Your task → From the line holding "Made In Space, Inc. logo" through the line holding "Oxford University Sweatshirt" below, write out every line exactly; include both of those lines and drop the pictures.

---- Dataset excerpts

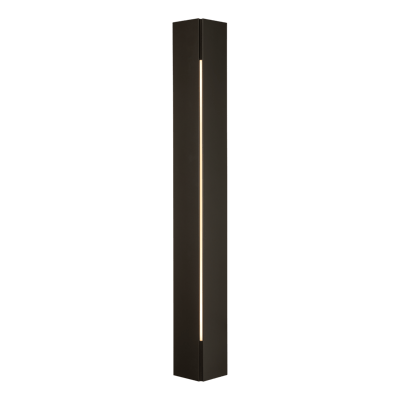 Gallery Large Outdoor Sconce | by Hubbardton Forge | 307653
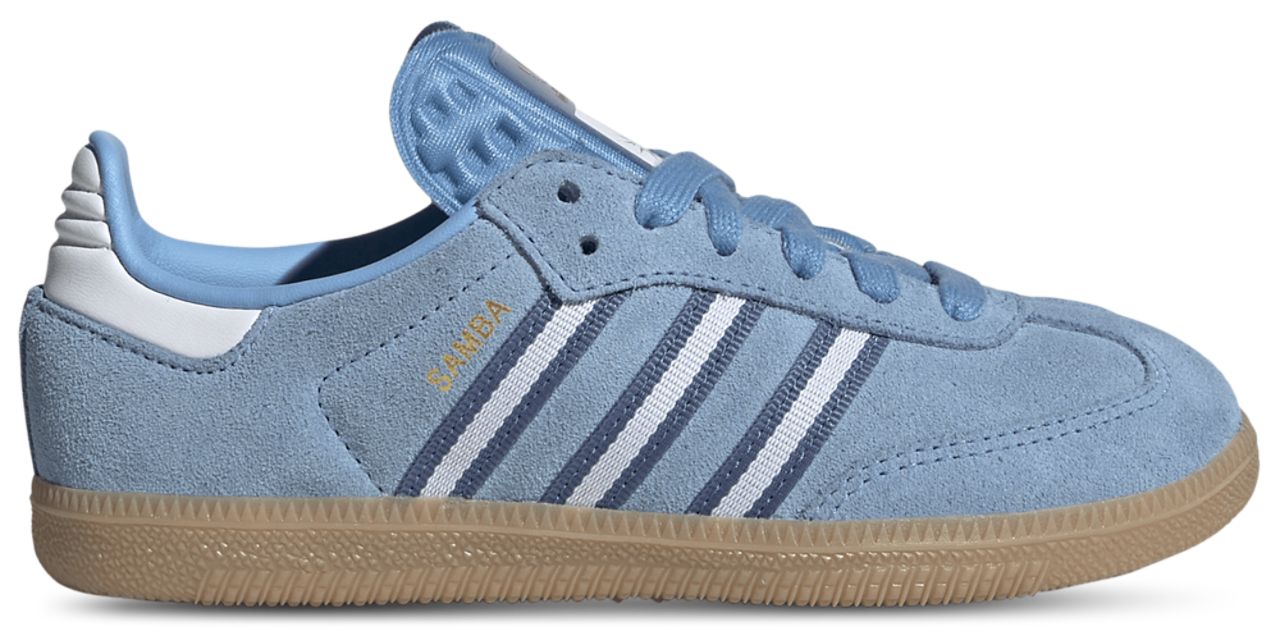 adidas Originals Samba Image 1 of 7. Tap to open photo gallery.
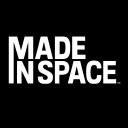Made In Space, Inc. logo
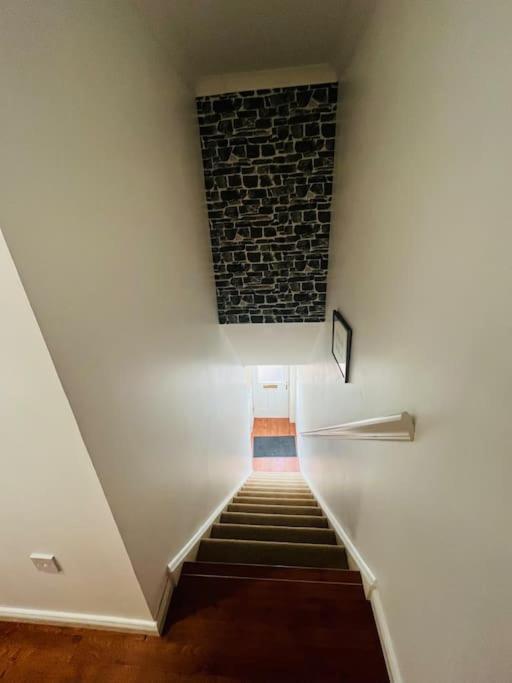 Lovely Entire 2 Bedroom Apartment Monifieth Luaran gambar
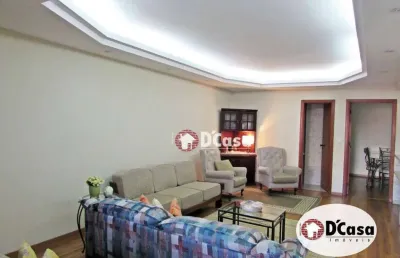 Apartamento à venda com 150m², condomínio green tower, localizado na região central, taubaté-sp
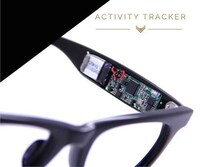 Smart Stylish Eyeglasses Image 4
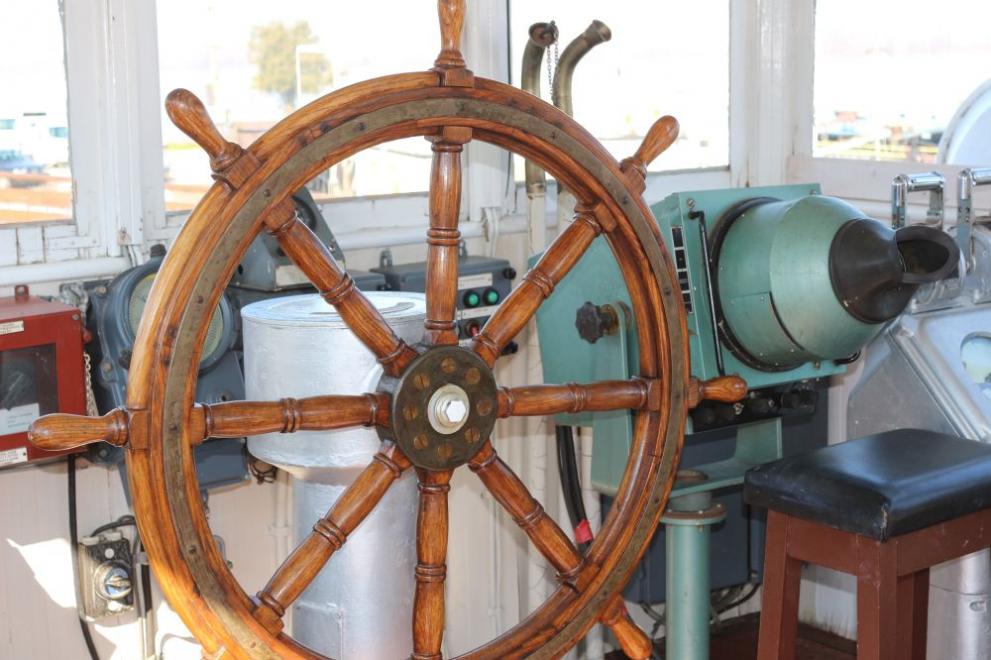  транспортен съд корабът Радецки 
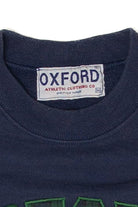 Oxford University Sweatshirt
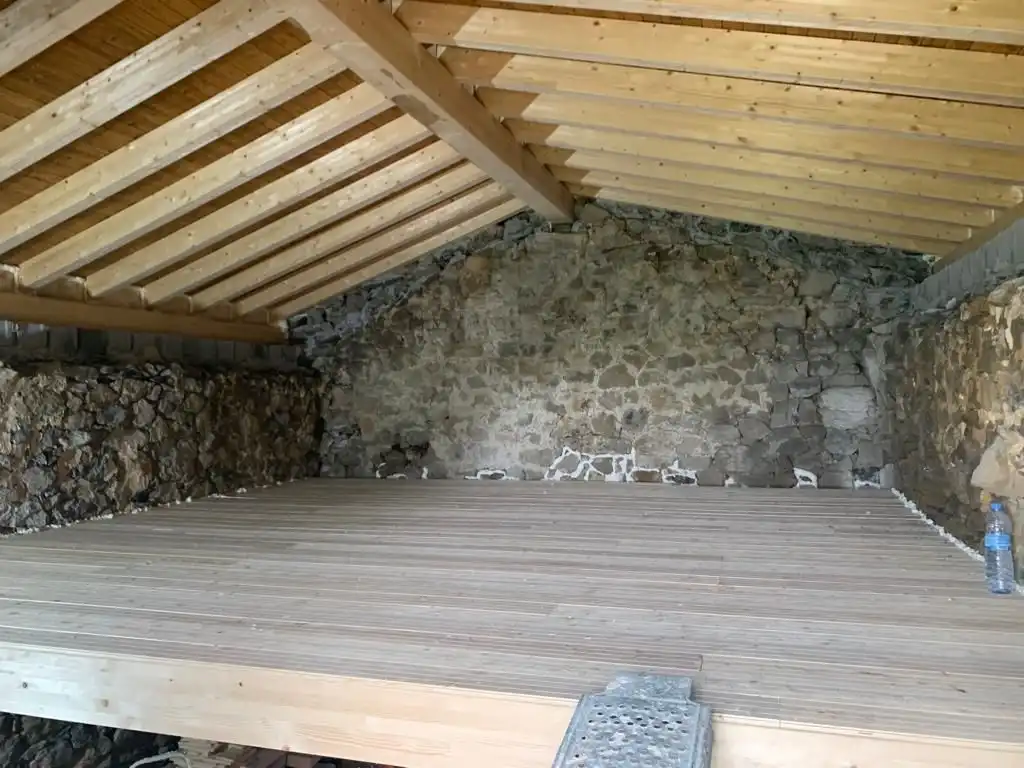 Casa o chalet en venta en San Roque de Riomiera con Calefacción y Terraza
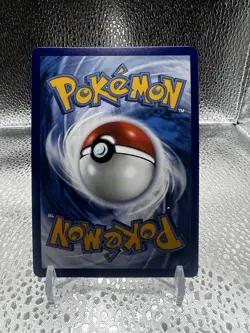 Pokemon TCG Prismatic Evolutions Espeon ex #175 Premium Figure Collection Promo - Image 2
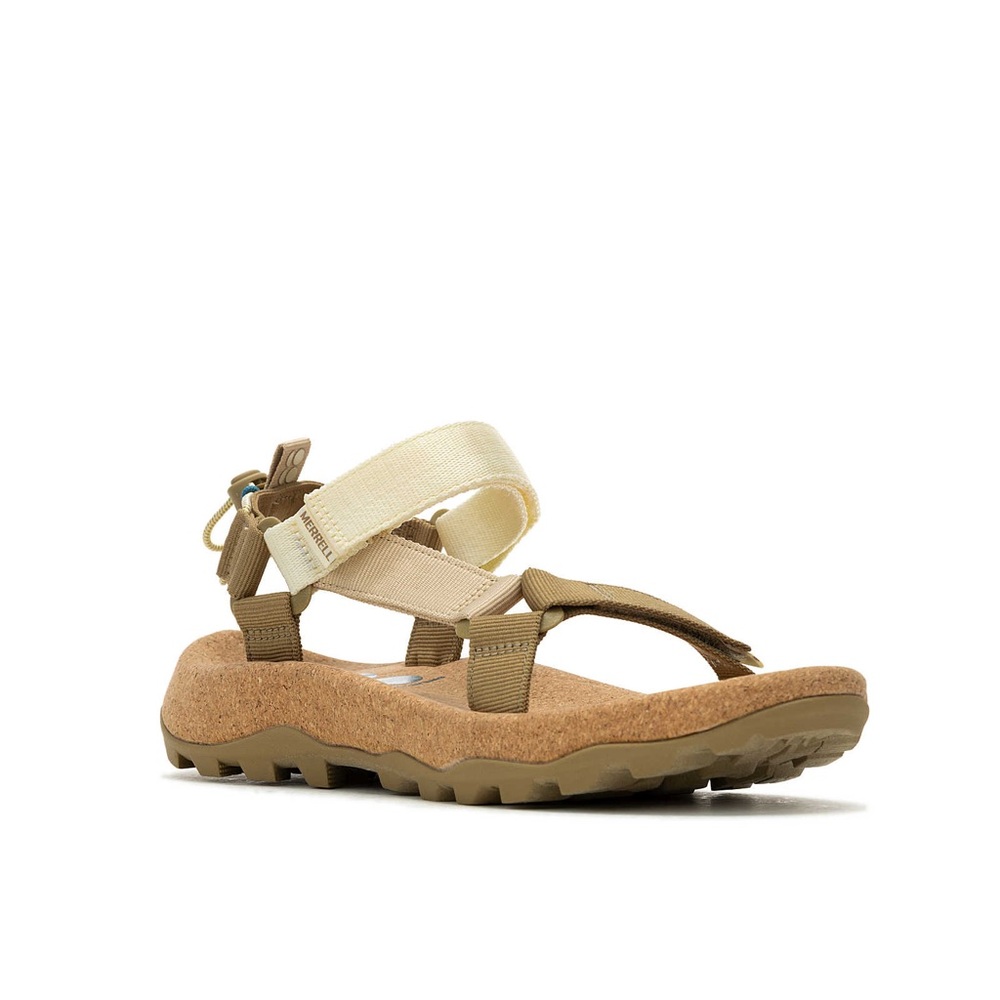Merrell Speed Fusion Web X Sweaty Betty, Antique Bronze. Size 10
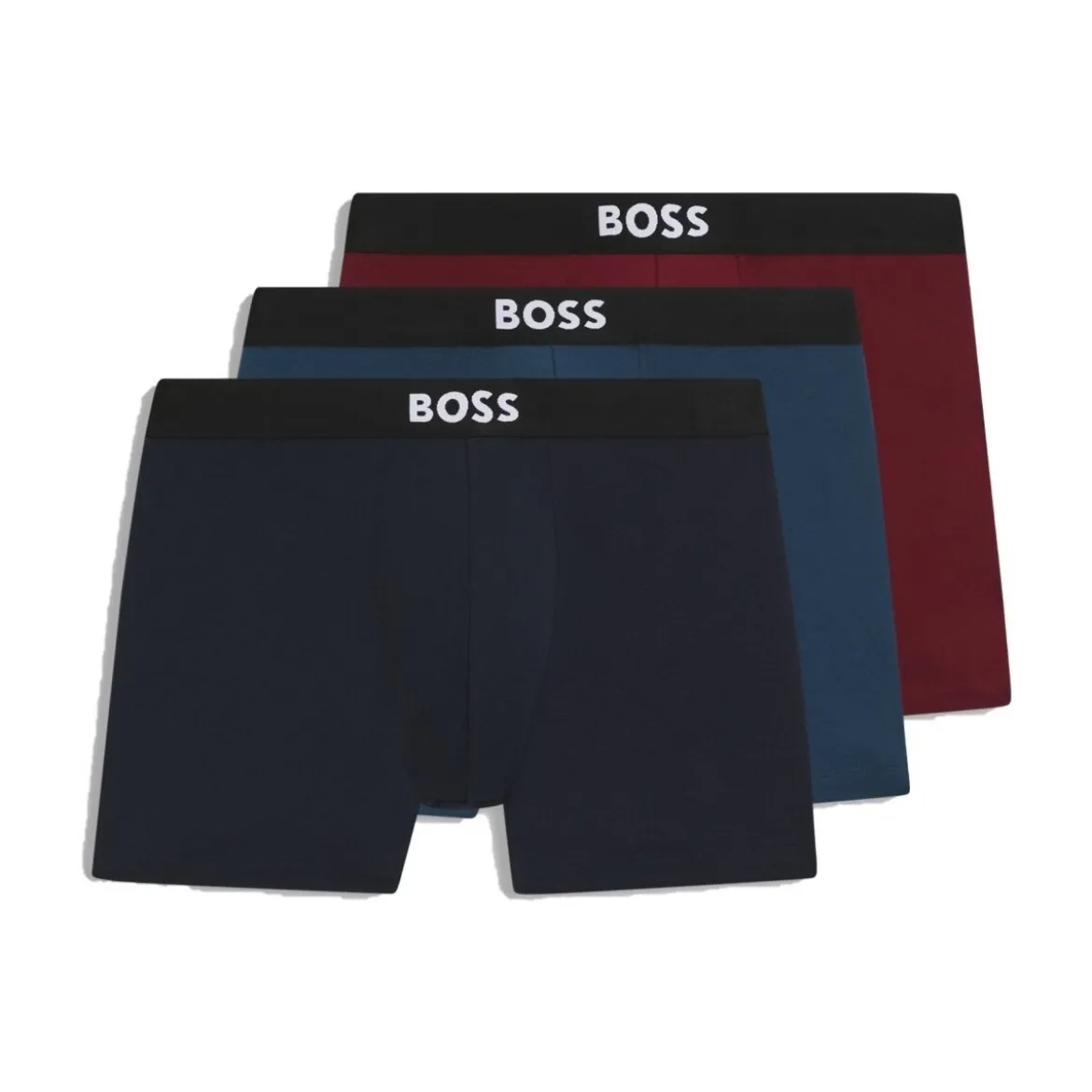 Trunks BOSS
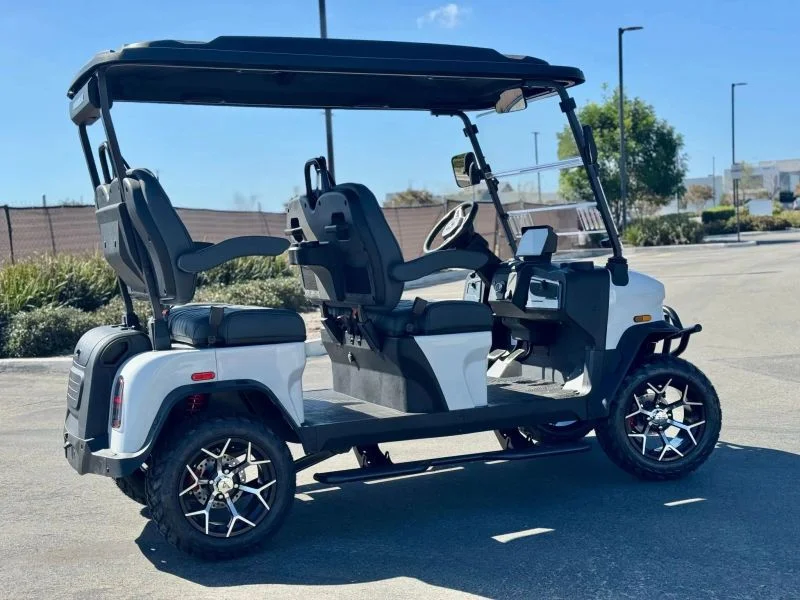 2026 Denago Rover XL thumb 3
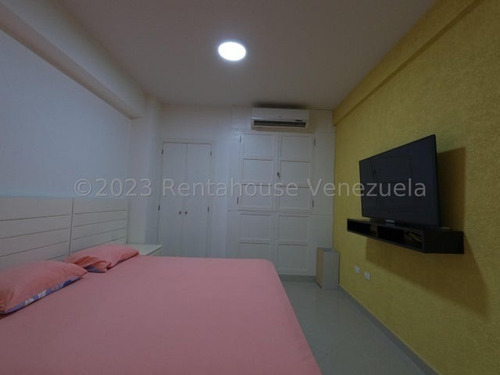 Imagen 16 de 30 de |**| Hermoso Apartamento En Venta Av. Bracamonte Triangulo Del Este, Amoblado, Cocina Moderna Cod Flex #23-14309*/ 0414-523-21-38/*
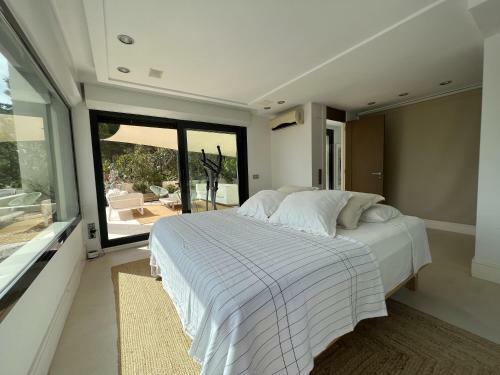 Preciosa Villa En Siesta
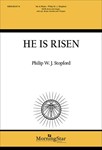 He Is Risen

--------

Task answer →
Made In Space, Inc. logo
 Lovely Entire 2 Bedroom Apartment Monifieth Luaran gambar
 Apartamento à venda com 150m², condomínio green tower, localizado na região central, taubaté-sp
 Smart Stylish Eyeglasses Image 4
  транспортен съд корабът Радецки 
 Oxford University Sweatshirt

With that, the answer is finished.